This week I fell in love with Hamlet (by William Shakespeare in the Seagull Reader). In fact, I was late getting my blog up because I was unsure what portion I wanted to discuss. I feel as if a week is only enough to scratch the surface of the play.
Our book’s prequel to Hamlet discusses the debate over whether Hamlet is mad, or if he is truly acting so. He tells Haratio not to think him insane as the others soon will, because he is going to put on an act saying:
Here as before, never, so help you mercy,
How strange or odd some’er I bear myself
(As I perchance hereafter shall think meet
To put an antic disposition on). (page 8)
Though his behavior may seem genuine madness by the end of the play, I still believe it to be an act. The cleverness of Hamlets plans, and his ability to foresee the King’s and divert them accordingly, does not see like the actions of a mad man. The things he says when he is alone, although they seem tormented, are not twisted. I instead think that he finds himself in an obsessive compulsive state over avenging his father’s death. He himself says that:
Yea, from the table of my memory
I’ll wipe away all trivial fond records,
All saws of books, all forms, all pressures past
That youth and observation copied there,
And thy commandment all alone shall live
Within the book and volume of my brain. (page 80)
Here he vows that nothing else will occupy his mind but this arduous quest his father’s ghost has sent him on. Calling his memories “trivial fond records” as though compared to this new reality his past worries seem foolish. One of the things about Hamlets personality I admired the most was his obvious intelligence, and his almost psychic like abilities to predict the actions of others. His plan to act crazy in and of itself is brilliant because insanity provides him with a sort of pardon against his offenses. Even when he commits the murder of Polonius he is simply to be sent England (though the King has other plans for him there) where another person would certainly face death for such an offense. He seems to predict he will need such protection in his plans for revenge; not only that, but acting insane helps minimize how much of a threat he looks to his uncle.
What is certain, however, is that Hamlet is a tormented depressed soul. All except for Horatio seem to be against him at times, and the world itself losing its luster. While speaking to Rosencrantz he says that “this majestical roof fretted with golden fire, why it appeareth nothing to me but a foul and pestilent congregation of vapors” (page 98). This is one of the many times the play portrays Hamlet’s constant pondering over life and death; much like in his famous “to be or not to be” line. There is an underlying theme throughout the story with his apparent frustration over death and the afterlife. When he speaks about how the fear of what is to happen after life “makes cowards of us all,” I get the feeling like he is frustrated with himself for not killing the King more swiftly.

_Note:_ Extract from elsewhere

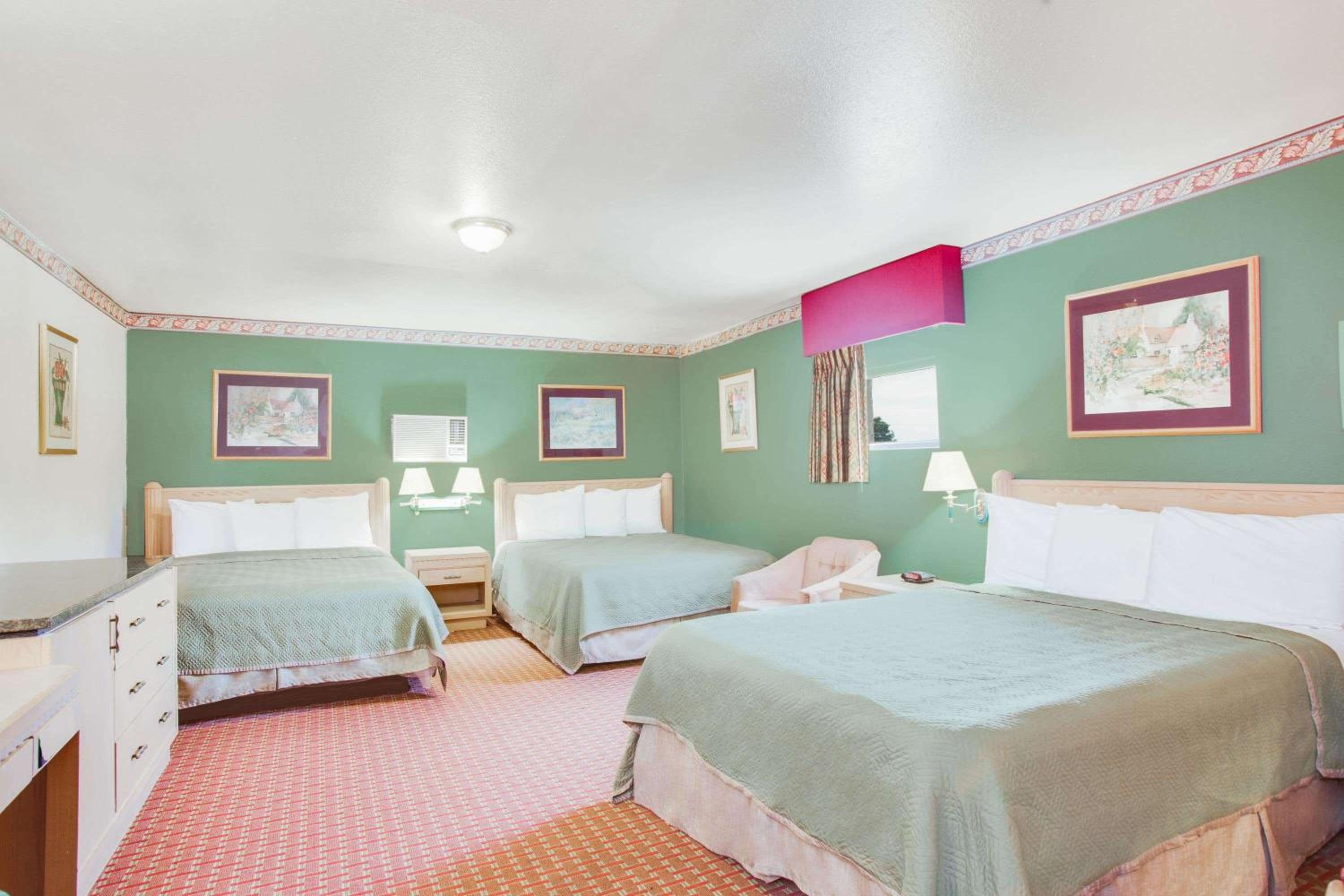Deluxe Room With Three Queen Beds - Non-Smoking - Photo 1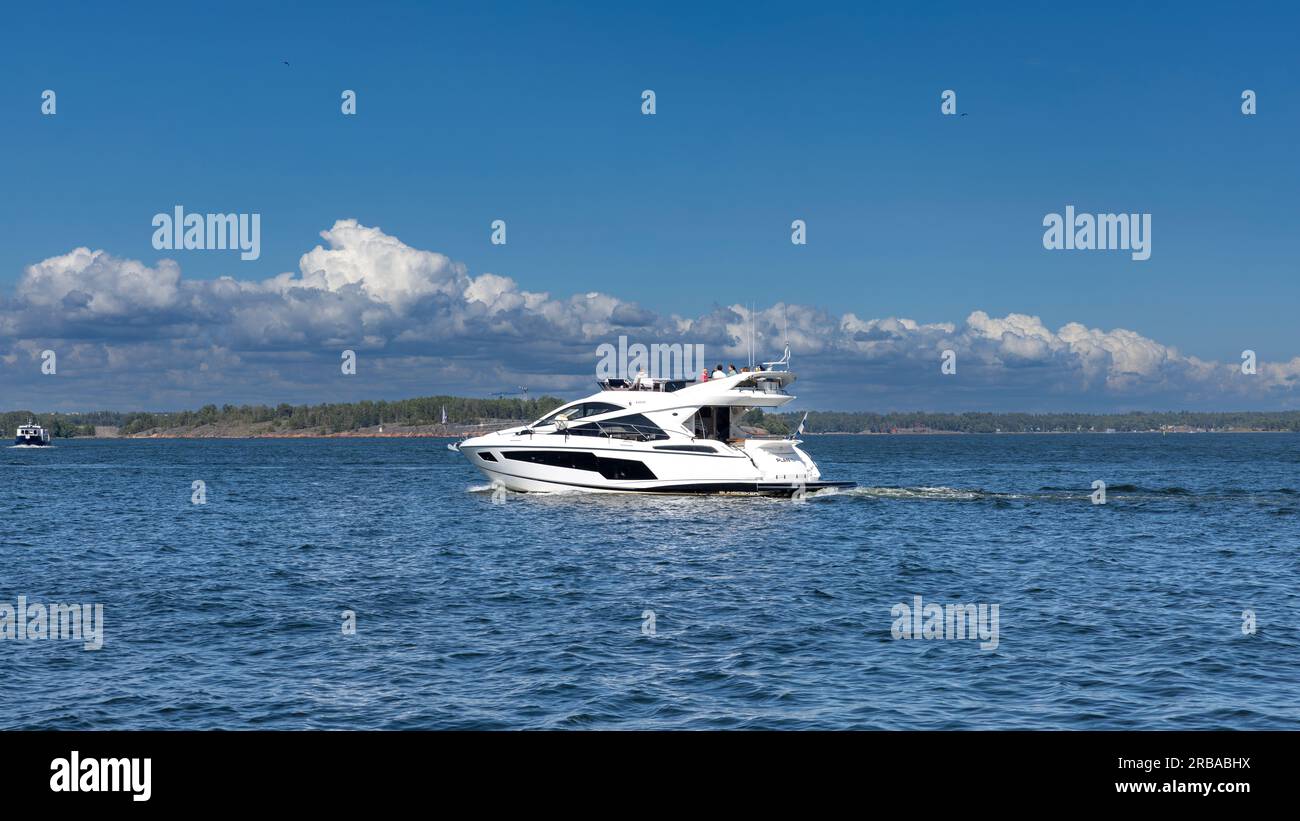 Nautisches Schiff, das Menschen auf der Ostsee bei Helsinki transportiert Stockfoto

Our text discusses such a question in the excerpt before the play as to why Hamlet takes so long to avenge his father, and I think such fear is a lot of the reason. He has many things to consider when it comes to assassinating the King, including ensuring his dissention to Hell. If he was to kill him when he first considers it, while the King is repenting then he fears he would be sending “a villain to heaven” (page 129). He must catch him in sin before he kills him in order to ensure he is placed where he belongs. He also wants to be sure that the ghost he has seen is not “a devil which has power to assume a pleasing shape” to damn him (page 107). It gives me the impression that Hamlet is in fear of murdering him. He is fearful whether he is truly guilty, and what his own consequences may be for the act. In the end it is only the death of his mother that gives him the courage (and most likely blind rage) to complete the quest he has become infatuated with.
The depth of Shakespeare’s characters is truly astonishing and at many points of this play I found myself thinking “how did he come up with this?” What really makes me love Hamlet is that you can never grow tired of it because it is so complex you discover new layers with every read.